In a heavily publicized incident on Twitter a couple of weeks ago, a user was harassing Başak Demirtaş, the wife of jailed Kurdish politician Selahattin Demirtaş. In a supposed show of non-discrimination concerning aggression in online communication, the state authorities stepped in, and the perpetrator was detained.

Soon after this incident, President Erdogan’s Finance Minister and more importantly, his son-in-law, Berat Albayrak, became another target of Twitter attacks. In his tweet, Albayrak heralded the birth of his and his wife’s fourth child, Erdogan’s grandson. Reactions started flooding in as some celebrated, while many ridiculed and directed harsh criticisms towards the announcement. Probably due to his family ties or his boastful personality, Albayrak often produces very emotional negative reactions to the opposing political sides in Turkey, so the reactions to his tweet were not something that has never been seen before. However, this time, the usual Twitter exchanges became the hot topic of the day, prompting even the President to respond.

Following the tweet war, Erdoğan quickly announced that the public defamation of his son-in-law and his newborn grandson would not be tolerated. In short order, two people were arrested in connection with the insulting tweets. 

Another recent incident concerning the online interactions of the ruling establishment was the event that has since been dubbed “the Dislike Insurrection.” In order to appease and approach the younger generations, President Erdoğan had a live YouTube show a day before the university entrance exams. During the show, he answered questions from a select group of young people. While the ruling party’s events are usually very controlled, that did not seem to be the case this time, as in the beginning, the show was open to comments. Comments saying “No More Votes” started publicly pouring in on the screen next to the President in a kind of unexpected flood. The video stream administrators quickly closed the option to comment. However, as it usually goes with attempts at online censorship, this only prompted people to exhibit their opposition even more, in this case by clicking on the dislike button for the event. In a short period of time, there were around 300,000 dislikes. 

These turbulent online exchanges and incidents were quickly lumped together as supposed proof that a new, stricter law regulating the social media is a “necessity.” Yet, as it has also become a practice by the ruling coalition, the public does not really know the details of the new law, just that the government will attempt to gain more control over online communication. 

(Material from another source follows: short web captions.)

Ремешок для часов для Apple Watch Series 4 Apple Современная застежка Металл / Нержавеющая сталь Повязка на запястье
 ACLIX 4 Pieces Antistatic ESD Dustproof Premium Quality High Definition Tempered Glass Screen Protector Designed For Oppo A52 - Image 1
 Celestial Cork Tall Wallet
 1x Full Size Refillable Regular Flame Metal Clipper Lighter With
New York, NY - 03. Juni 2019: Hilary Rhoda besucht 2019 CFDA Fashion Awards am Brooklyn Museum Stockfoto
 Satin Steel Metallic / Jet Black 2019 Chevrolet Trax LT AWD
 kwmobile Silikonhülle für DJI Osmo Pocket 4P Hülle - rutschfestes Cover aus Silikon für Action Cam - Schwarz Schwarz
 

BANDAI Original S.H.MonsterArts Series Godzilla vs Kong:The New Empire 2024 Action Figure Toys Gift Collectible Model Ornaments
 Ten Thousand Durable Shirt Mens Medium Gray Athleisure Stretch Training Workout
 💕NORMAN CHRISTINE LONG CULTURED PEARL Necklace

Mahir Ünal, the government’s face for the regulation, vaguely explained that social media providers will be required to have offices in Turkey and abide by Turkish laws. This would possibly not sound all that bad had it not been for an inconvenient truth, namely that the Turkish government has not really been a champion of freedom of speech and free expression, to say the least. In practice, putting communication on social networks under the authority of the Turkish government would mean the removal of tweets and other content on a mass level and in line with the government’s arbitrary decisions about what is to be censored and prosecuted. Additionally, this kind of tight control could very well push some of the social media giants out of Turkey. This, again, could open up the possibility for the government in Turkey to create its own substitutes for social networks and streaming and content sharing platforms, following the examples of closed and heavily controlled systems, such as the one in China. 

In defending their idea of tighter control over online communication, the AKP tried to sell the narrative that they are following the example of Western countries like Germany and France, where everyone and particularly the most vulnerable members of society are protected by law from harassment and aggression in the online sphere. However, looking at the very concerning track record of the Turkish government in protecting the sanctity of freedom, one can’t help but wonder if the desire to protect is as genuine of a motivator as the drive for the ultimate control. More regulation has traditionally been in conflict with the basic principles of the freedom of speech in Turkey, and if the opposition is lured into supporting this new initiative, they will likely participate in the closure of a big part of the communication space, including its own.